**TASK DIRECTIONS:** In how many lines of the listing below does "Unit" appear? Reply with the number only.

**AVAILABLE DATA:**

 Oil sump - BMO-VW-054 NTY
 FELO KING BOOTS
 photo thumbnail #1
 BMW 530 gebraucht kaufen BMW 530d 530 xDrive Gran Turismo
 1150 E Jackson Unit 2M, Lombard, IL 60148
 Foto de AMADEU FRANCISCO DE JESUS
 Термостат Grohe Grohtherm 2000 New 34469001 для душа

--

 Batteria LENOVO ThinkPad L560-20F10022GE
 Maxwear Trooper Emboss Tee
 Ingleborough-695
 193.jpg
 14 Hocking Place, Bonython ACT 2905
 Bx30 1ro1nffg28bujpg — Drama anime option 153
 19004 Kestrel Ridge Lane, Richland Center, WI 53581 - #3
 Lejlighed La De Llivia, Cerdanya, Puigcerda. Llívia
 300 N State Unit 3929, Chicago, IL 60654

**RESPONSE TO THIS TASK:** 2